§ DIRECTIONS FOR THIS TASK
Take the lines below from the first through the one that contains "20 Amp, 120/277" and copy them exactly.

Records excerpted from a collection
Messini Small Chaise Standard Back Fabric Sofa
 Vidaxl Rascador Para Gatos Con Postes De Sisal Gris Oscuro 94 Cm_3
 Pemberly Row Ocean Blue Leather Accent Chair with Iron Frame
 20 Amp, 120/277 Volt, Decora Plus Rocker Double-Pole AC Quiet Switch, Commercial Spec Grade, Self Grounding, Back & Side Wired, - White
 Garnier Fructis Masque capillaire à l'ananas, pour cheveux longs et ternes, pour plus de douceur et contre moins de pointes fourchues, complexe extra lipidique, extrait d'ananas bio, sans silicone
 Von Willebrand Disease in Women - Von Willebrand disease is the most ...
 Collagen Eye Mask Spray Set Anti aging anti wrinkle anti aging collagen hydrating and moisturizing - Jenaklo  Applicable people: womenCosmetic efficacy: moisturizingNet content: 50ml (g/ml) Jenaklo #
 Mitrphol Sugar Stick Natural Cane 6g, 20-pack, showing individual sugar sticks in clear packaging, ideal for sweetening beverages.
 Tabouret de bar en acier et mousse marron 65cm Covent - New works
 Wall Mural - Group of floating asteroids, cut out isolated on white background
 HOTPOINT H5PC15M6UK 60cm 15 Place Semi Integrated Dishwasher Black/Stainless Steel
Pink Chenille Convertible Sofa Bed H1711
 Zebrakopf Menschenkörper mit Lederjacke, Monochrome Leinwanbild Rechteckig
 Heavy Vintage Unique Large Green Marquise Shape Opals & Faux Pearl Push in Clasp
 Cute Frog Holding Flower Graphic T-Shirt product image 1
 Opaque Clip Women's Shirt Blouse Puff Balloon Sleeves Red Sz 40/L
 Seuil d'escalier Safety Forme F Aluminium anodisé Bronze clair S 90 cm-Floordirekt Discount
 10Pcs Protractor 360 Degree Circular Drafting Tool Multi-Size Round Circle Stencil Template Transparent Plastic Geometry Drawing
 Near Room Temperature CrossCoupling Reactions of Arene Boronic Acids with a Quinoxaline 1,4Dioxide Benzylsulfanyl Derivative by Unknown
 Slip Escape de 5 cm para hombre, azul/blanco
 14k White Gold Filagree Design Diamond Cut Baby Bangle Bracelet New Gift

§ ANSWER BOX
Messini Small Chaise Standard Back Fabric Sofa
 Vidaxl Rascador Para Gatos Con Postes De Sisal Gris Oscuro 94 Cm_3
 Pemberly Row Ocean Blue Leather Accent Chair with Iron Frame
 20 Amp, 120/277 Volt, Decora Plus Rocker Double-Pole AC Quiet Switch, Commercial Spec Grade, Self Grounding, Back & Side Wired, - White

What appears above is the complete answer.